- **Assigned task**:
Print each entry below precisely as it reads.

- **Data to use**:
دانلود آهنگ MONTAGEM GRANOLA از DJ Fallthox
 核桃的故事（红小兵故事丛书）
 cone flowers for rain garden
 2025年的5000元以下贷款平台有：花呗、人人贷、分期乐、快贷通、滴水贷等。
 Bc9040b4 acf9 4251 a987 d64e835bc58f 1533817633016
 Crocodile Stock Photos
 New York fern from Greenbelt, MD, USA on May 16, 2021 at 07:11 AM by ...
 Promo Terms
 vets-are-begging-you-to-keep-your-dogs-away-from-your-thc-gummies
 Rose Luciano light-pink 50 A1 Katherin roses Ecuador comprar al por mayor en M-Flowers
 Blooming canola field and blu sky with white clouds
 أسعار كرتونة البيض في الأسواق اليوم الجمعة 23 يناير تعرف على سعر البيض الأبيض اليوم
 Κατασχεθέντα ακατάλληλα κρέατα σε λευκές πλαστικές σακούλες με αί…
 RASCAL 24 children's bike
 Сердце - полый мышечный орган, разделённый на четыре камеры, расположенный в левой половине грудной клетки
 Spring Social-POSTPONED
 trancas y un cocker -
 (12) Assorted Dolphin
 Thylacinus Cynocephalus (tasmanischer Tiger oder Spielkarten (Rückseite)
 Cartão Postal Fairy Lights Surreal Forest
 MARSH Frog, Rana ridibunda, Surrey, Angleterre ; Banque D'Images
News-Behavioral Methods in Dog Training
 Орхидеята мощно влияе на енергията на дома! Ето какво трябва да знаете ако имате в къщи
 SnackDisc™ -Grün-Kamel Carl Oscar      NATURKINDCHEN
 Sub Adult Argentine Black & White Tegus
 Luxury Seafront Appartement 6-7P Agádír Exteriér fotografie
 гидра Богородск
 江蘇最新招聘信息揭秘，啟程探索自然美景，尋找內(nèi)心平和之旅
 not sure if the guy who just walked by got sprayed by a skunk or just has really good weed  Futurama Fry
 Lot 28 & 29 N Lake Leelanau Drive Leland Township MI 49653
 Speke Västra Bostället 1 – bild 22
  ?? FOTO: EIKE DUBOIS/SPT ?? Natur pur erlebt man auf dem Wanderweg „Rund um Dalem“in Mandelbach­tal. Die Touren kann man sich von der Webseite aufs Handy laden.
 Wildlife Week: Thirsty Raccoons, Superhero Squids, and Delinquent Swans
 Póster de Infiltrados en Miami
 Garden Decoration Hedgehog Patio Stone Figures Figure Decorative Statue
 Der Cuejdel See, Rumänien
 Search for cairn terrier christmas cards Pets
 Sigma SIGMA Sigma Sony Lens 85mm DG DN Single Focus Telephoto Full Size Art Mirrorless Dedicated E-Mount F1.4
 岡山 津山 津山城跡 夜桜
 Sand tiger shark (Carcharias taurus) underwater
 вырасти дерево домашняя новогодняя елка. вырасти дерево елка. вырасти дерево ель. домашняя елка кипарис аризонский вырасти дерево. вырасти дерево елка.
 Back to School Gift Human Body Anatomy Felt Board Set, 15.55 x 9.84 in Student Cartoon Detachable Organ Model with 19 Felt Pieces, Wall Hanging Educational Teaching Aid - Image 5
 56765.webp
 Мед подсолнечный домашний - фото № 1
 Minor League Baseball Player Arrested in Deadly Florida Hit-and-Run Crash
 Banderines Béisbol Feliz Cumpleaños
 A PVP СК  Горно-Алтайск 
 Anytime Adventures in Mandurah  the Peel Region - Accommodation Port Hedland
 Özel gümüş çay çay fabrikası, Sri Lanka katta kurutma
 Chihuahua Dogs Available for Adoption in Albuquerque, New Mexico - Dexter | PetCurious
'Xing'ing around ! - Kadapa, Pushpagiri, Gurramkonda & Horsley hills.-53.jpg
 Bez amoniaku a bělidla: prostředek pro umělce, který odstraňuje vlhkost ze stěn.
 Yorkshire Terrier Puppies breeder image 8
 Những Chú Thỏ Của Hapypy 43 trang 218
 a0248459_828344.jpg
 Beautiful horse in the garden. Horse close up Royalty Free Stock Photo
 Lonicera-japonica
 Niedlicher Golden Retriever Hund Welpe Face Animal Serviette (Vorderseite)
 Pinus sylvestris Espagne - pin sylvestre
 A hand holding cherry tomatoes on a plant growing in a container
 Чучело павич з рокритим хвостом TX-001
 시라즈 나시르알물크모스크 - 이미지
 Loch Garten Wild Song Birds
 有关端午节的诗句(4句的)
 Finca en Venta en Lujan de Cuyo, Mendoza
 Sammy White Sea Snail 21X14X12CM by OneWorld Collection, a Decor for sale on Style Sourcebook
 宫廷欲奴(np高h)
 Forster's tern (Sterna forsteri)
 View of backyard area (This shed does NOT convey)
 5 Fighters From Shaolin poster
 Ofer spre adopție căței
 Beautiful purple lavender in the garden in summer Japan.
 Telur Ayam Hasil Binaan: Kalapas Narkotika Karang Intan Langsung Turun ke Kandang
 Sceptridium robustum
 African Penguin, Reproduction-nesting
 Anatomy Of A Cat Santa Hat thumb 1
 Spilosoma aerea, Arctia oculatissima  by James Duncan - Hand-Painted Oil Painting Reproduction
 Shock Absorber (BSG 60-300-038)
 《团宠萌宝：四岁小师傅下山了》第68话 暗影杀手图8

- **Answer to this task**:
دانلود آهنگ MONTAGEM GRANOLA از DJ Fallthox
 核桃的故事（红小兵故事丛书）
 cone flowers for rain garden
 2025年的5000元以下贷款平台有：花呗、人人贷、分期乐、快贷通、滴水贷等。
 Bc9040b4 acf9 4251 a987 d64e835bc58f 1533817633016
 Crocodile Stock Photos
 New York fern from Greenbelt, MD, USA on May 16, 2021 at 07:11 AM by ...
 Promo Terms
 vets-are-begging-you-to-keep-your-dogs-away-from-your-thc-gummies
 Rose Luciano light-pink 50 A1 Katherin roses Ecuador comprar al por mayor en M-Flowers
 Blooming canola field and blu sky with white clouds
 أسعار كرتونة البيض في الأسواق اليوم الجمعة 23 يناير تعرف على سعر البيض الأبيض اليوم
 Κατασχεθέντα ακατάλληλα κρέατα σε λευκές πλαστικές σακούλες με αί…
 RASCAL 24 children's bike
 Сердце - полый мышечный орган, разделённый на четыре камеры, расположенный в левой половине грудной клетки
 Spring Social-POSTPONED
 trancas y un cocker -
 (12) Assorted Dolphin
 Thylacinus Cynocephalus (tasmanischer Tiger oder Spielkarten (Rückseite)
 Cartão Postal Fairy Lights Surreal Forest
 MARSH Frog, Rana ridibunda, Surrey, Angleterre ; Banque D'Images
News-Behavioral Methods in Dog Training
 Орхидеята мощно влияе на енергията на дома! Ето какво трябва да знаете ако имате в къщи
 SnackDisc™ -Grün-Kamel Carl Oscar      NATURKINDCHEN
 Sub Adult Argentine Black & White Tegus
 Luxury Seafront Appartement 6-7P Agádír Exteriér fotografie
 гидра Богородск
 江蘇最新招聘信息揭秘，啟程探索自然美景，尋找內(nèi)心平和之旅
 not sure if the guy who just walked by got sprayed by a skunk or just has really good weed  Futurama Fry
 Lot 28 & 29 N Lake Leelanau Drive Leland Township MI 49653
 Speke Västra Bostället 1 – bild 22
  ?? FOTO: EIKE DUBOIS/SPT ?? Natur pur erlebt man auf dem Wanderweg „Rund um Dalem“in Mandelbach­tal. Die Touren kann man sich von der Webseite aufs Handy laden.
 Wildlife Week: Thirsty Raccoons, Superhero Squids, and Delinquent Swans
 Póster de Infiltrados en Miami
 Garden Decoration Hedgehog Patio Stone Figures Figure Decorative Statue
 Der Cuejdel See, Rumänien
 Search for cairn terrier christmas cards Pets
 Sigma SIGMA Sigma Sony Lens 85mm DG DN Single Focus Telephoto Full Size Art Mirrorless Dedicated E-Mount F1.4
 岡山 津山 津山城跡 夜桜
 Sand tiger shark (Carcharias taurus) underwater
 вырасти дерево домашняя новогодняя елка. вырасти дерево елка. вырасти дерево ель. домашняя елка кипарис аризонский вырасти дерево. вырасти дерево елка.
 Back to School Gift Human Body Anatomy Felt Board Set, 15.55 x 9.84 in Student Cartoon Detachable Organ Model with 19 Felt Pieces, Wall Hanging Educational Teaching Aid - Image 5
 56765.webp
 Мед подсолнечный домашний - фото № 1
 Minor League Baseball Player Arrested in Deadly Florida Hit-and-Run Crash
 Banderines Béisbol Feliz Cumpleaños
 A PVP СК  Горно-Алтайск 
 Anytime Adventures in Mandurah  the Peel Region - Accommodation Port Hedland
 Özel gümüş çay çay fabrikası, Sri Lanka katta kurutma
 Chihuahua Dogs Available for Adoption in Albuquerque, New Mexico - Dexter | PetCurious
'Xing'ing around ! - Kadapa, Pushpagiri, Gurramkonda & Horsley hills.-53.jpg
 Bez amoniaku a bělidla: prostředek pro umělce, který odstraňuje vlhkost ze stěn.
 Yorkshire Terrier Puppies breeder image 8
 Những Chú Thỏ Của Hapypy 43 trang 218
 a0248459_828344.jpg
 Beautiful horse in the garden. Horse close up Royalty Free Stock Photo
 Lonicera-japonica
 Niedlicher Golden Retriever Hund Welpe Face Animal Serviette (Vorderseite)
 Pinus sylvestris Espagne - pin sylvestre
 A hand holding cherry tomatoes on a plant growing in a container
 Чучело павич з рокритим хвостом TX-001
 시라즈 나시르알물크모스크 - 이미지
 Loch Garten Wild Song Birds
 有关端午节的诗句(4句的)
 Finca en Venta en Lujan de Cuyo, Mendoza
 Sammy White Sea Snail 21X14X12CM by OneWorld Collection, a Decor for sale on Style Sourcebook
 宫廷欲奴(np高h)
 Forster's tern (Sterna forsteri)
 View of backyard area (This shed does NOT convey)
 5 Fighters From Shaolin poster
 Ofer spre adopție căței
 Beautiful purple lavender in the garden in summer Japan.
 Telur Ayam Hasil Binaan: Kalapas Narkotika Karang Intan Langsung Turun ke Kandang
 Sceptridium robustum
 African Penguin, Reproduction-nesting
 Anatomy Of A Cat Santa Hat thumb 1
 Spilosoma aerea, Arctia oculatissima  by James Duncan - Hand-Painted Oil Painting Reproduction
 Shock Absorber (BSG 60-300-038)
 《团宠萌宝：四岁小师傅下山了》第68话 暗影杀手图8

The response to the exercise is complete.